The iOS 5 Developer's Cookbook: Core Concepts and Essential Recipes for iOS Programmers Book Review

This book is much more than just a cookbook with a bunch of recipes in it. I have used plenty of cookbooks and they are never readable from cover to cover. I usually just familiarize myself with the recipes that are available, read the ones interesting to me at the time, and throw them on the shelf until I need them. This one I have not been able to put down.

The author does a great job of mixing a traditional book with a recipe book. Most chapters contain both background information and recipes. Some chapters are mostly made up of recipes, and the first three chapters contain none to a very few. The first three chapters are dedicated to introducing the iOS SDk, Objective-C, and Xcode.

I have listed the chapters below to give you a high level view of the topics covered.

Introducing the iOS SDK
Objective-C Boot Camp
Building Your First Project
Designing Interfaces
Working with View Controllers
Assembling Views and Animations
Working with Images
Gestures and Touches
Building and Using Controls
Working with Text
Creating and Managing Table Views
A Taste of Core Data
Alerting the User
Device Capabilities
Networking

This book lives up to the cookbook title. There is tons of code that comes with it and it is all very well organized and usable. The only thing I didn't like was that the author used HelloWorld.xcodeproj for the project name every time. After you open a few projects you have to go to Finder and the actual folder to reopen a specific one because all your shortcuts are HelloWorld.xcodeproj. I do like that the samples are built to run on both the iPad and iPhone, and that they run without the need to tweak them.

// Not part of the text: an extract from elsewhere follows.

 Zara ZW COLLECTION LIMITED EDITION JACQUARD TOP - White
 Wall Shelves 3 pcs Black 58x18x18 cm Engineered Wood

This book covers a ton of material, but of course I always would like to see more. The thing I would like to see most in a fourth edition of this book is much more coverage of dealing with security on web services and JSON over REST. I am using the NSJSONSerialization class, which the author only lightly touches on in the book and provides a small sample application.

I am not going to ding the book for not providing detailed coverage of dealing with security on web services and JSON over REST because it covers so much already in such great detail. No one is covering web services in enough detail for me, and although several authors have said there are plenty of resources on the web, there aren't. Especially when it comes to samples that also include security. Apple's developer documentation is greatly lacking in this area also. They provide plenty of theory, but no good clean concrete samples.

I think this book is great for both the beginner and the experienced developer. The author does a great job of explaining complex topics that make it easy to understand while going in-depth enough to completely explain the topic at hand.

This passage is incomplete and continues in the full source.